For me, though, it's good that I have chosen IM as a platform for putting myself into challenging situations, full well knowing that once it's over, I'm going to have to deal with myself in my rawest form. It's funny how lots of people think the IM itself is where you are at your most raw, but not for me--when I'm there, and I'm executing it well, it's the best damn thing on Earth, and then I think how fucked up I must be to want that. Yes, I'm still trying to replicate that outside of the races, and I think I've succeeded to a certain degree, but still I have this weird relationship to things that shouldn't feel good but do. Either that or I am just a wuss and I really don't push myself to that edge. At some level, I'm looking to achieve the state where it all feels good and there is no thought involved. I guess I have just chosen an odd pathway.

So I'm not using IM as a platform for an excuse of why I feel messed up; it's natural to have annual events that have that effect--for some, it's the end of a school year (or beginning), or an anniversary or a birthday. I will feel better once I am back in a routine. I can't stand being out of my routine, it just is how it is. We all have them even if we think we don't.

Aaaaaaaanyway...I don't even know what I'm talking about right now, but it seems right to write it down.

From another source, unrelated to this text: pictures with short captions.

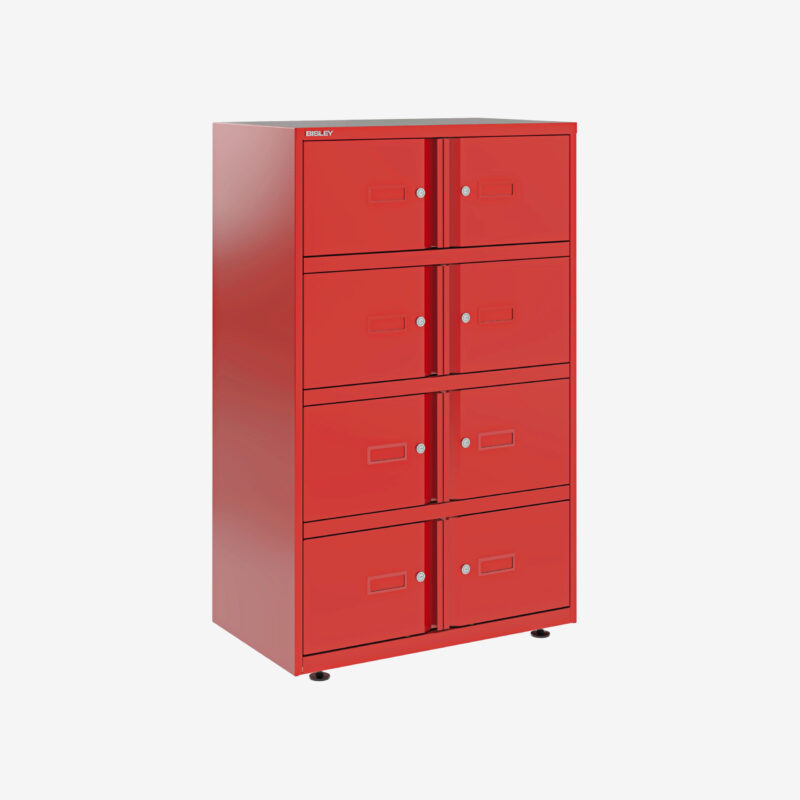 Bisley essentials lodge – 8 door locker bank – 800w x 1300h - image 7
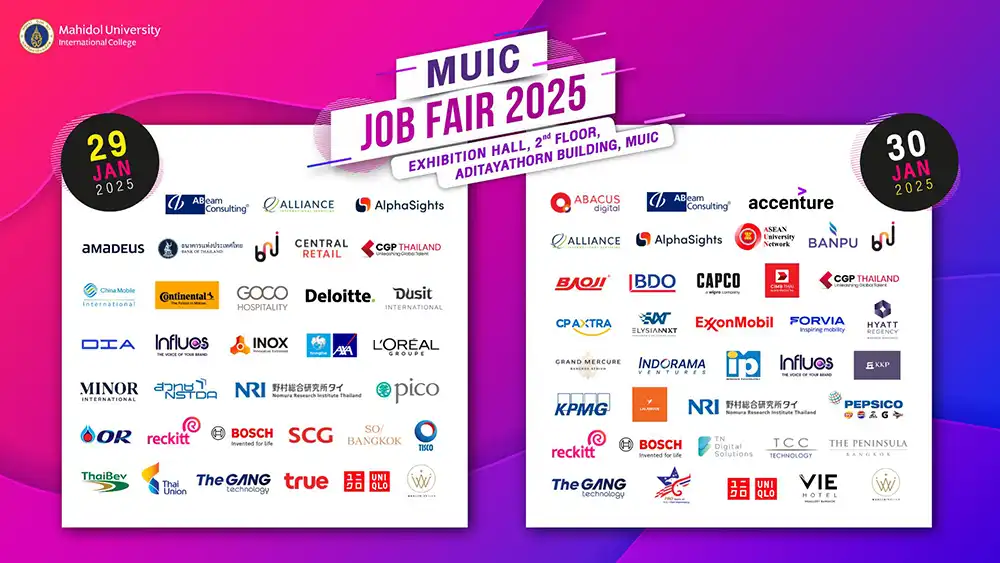 MUIC Job Fair 2025_29-30 Jan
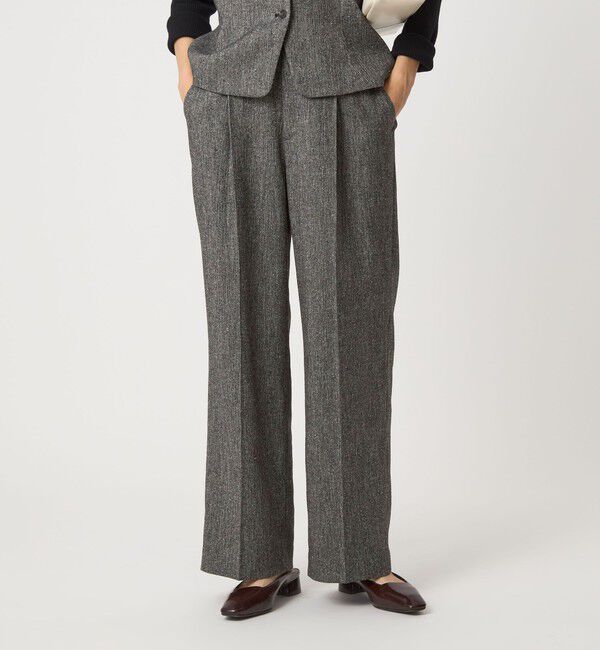 UNITED ARROWS green label relaxing「［size SHORTあり］メランジツイル パンツ -ウォッシャブル-」|スラックス|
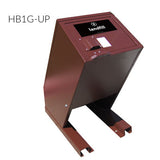 BearSaver - Hid-A-Bag Mini Single Trash/Recycling Enclosure, ADA Option, 32 gal - HB1G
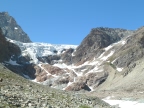 Tête de Valpelline depuis le refuge Aosta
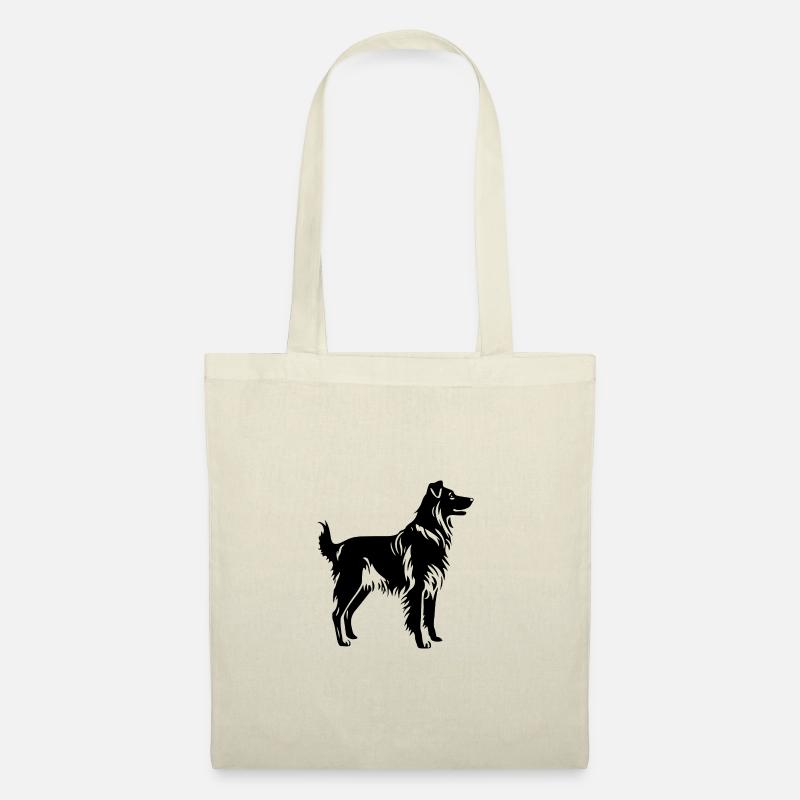 Australian Shepherd Hund Symbol - Stoffbeutel - Natur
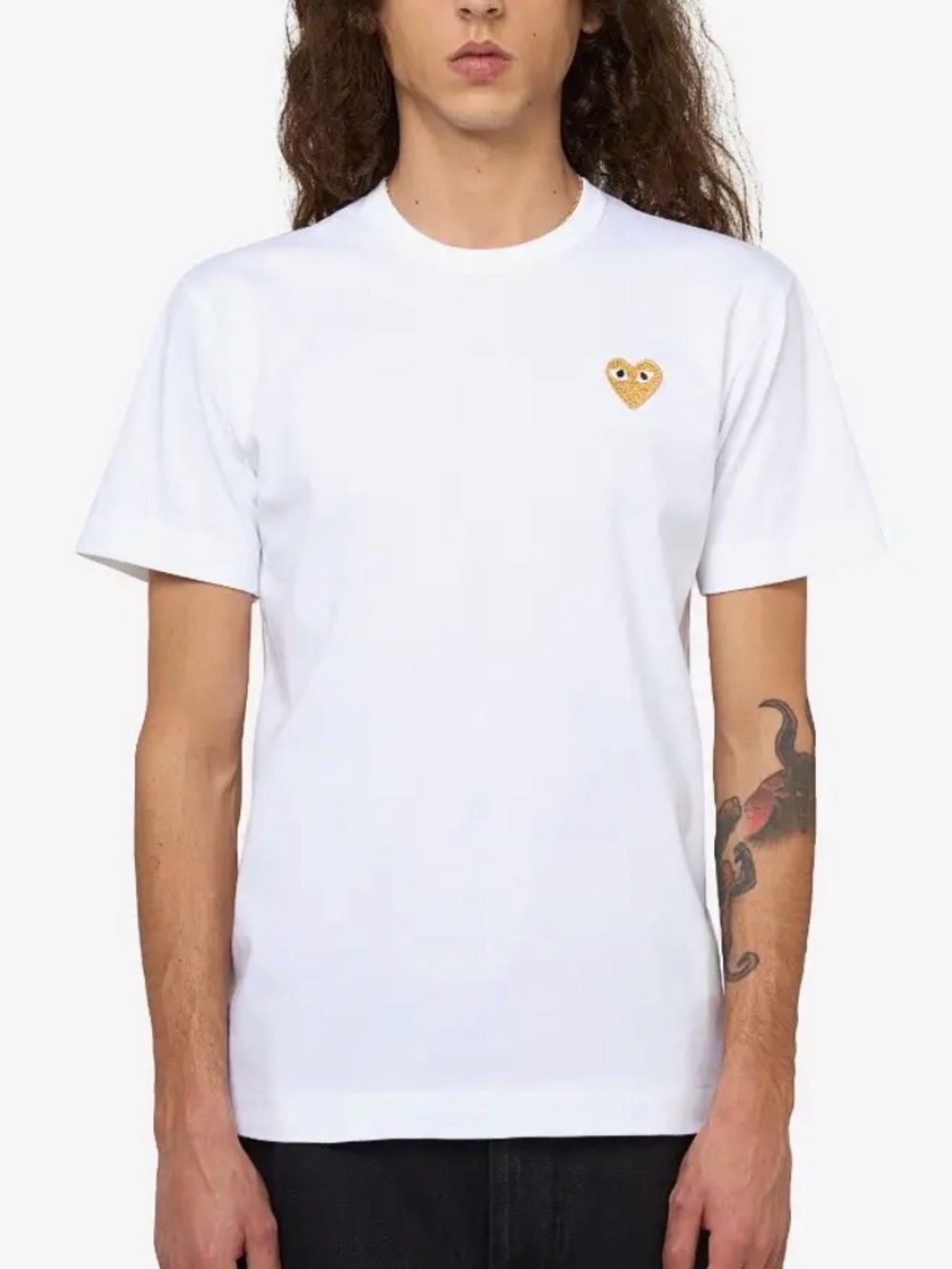 NWT Comme Des Garçons Play Logo-Detail T-Shirt Size L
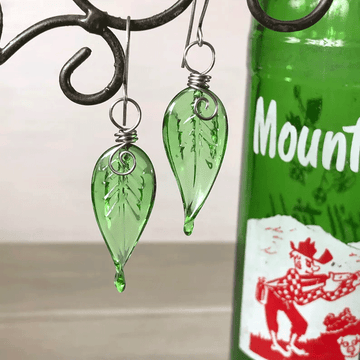 Mountain Dew Leaf Earrings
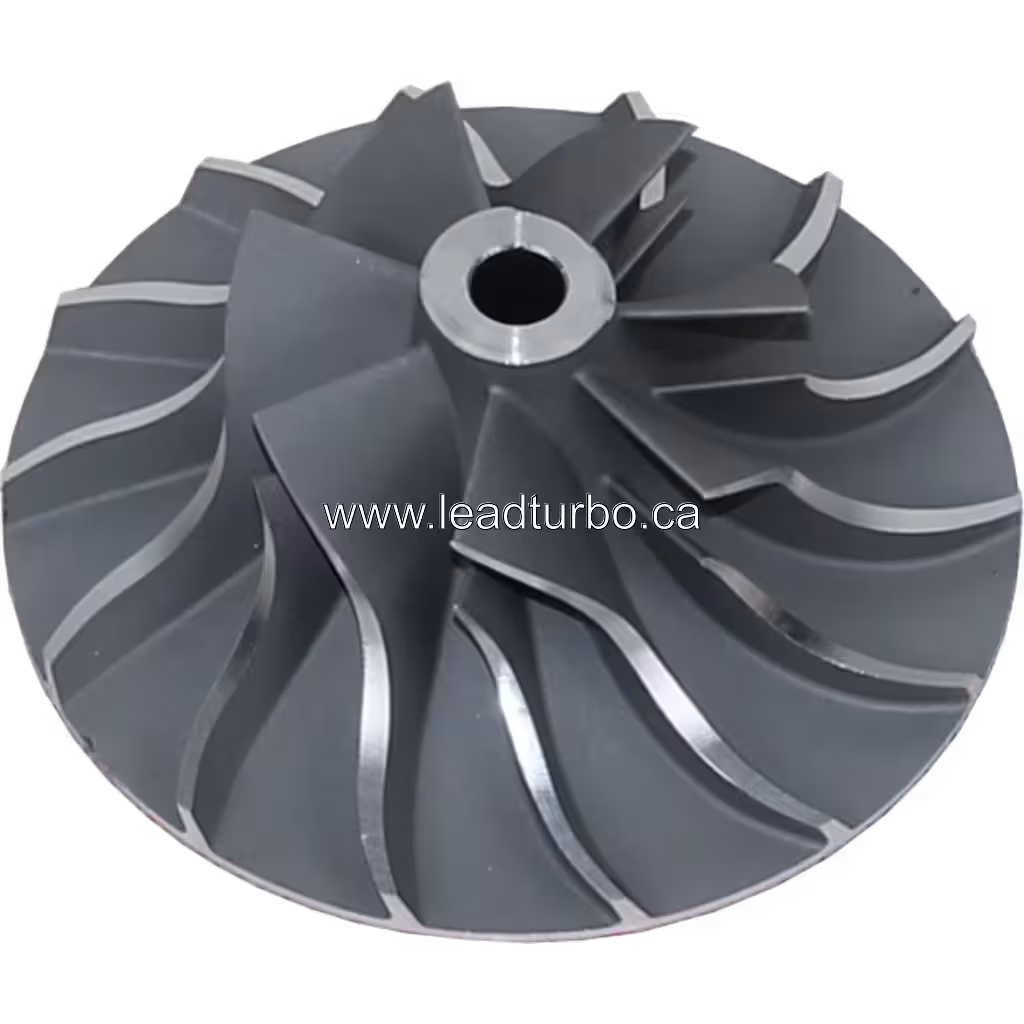 Roue de compresseur J96 pour 12709700017 CW vue de dessus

Weekly Workout Totals 08/06/2007-08/12/2007
Swim: 12002 yards (6.81 miles) in 4.25 hours;
25% of weekly workout time;
approx. 1488 calories burned
Bike: Approx. 134.71 miles in 8.87 hours;
51% of weekly workout time;
approx. 4453 calories burned
Run: Approx. 22.55 miles in 3.45 hours;
20% of weekly workout time;
approx. 1554 calories burned
Strength: 0.73 hours; 4% of weekly workout time;
approx. 183 calories burned
All Sports: Approx. 164.07 miles in 17.3 hours;
approx. 7678 calories burned
Sleep: 7.21 hours avg./night
Stretching: 1.37 hours. Massage: 1.5 hours

2 comments:

Born To Endure said...

I hear ya Sheila..however, at least you can still train..i.e. run/bike..my poor right knee, itb I think is still giving me a headache..but you know all about that, and PID..rock on girl!!!

Brett said...

Your IM Lake Placid race is not sitting happily because you think you can do better. I'm not sure that feeling ever goes away for competitive people. Is there ever a perfect race? Or, do you eventually settle for good enough?

All of these thoughts are with me daily. No matter how many of these I do, one, two, or 20, I'm not sure I'll ever be satisfied. Kind of irks me ... Maybe it's the pursuit of excellence that we need to learn to appreciate. I'm trying anyway. Same goes for life I guess. Sorry to get all deep on you.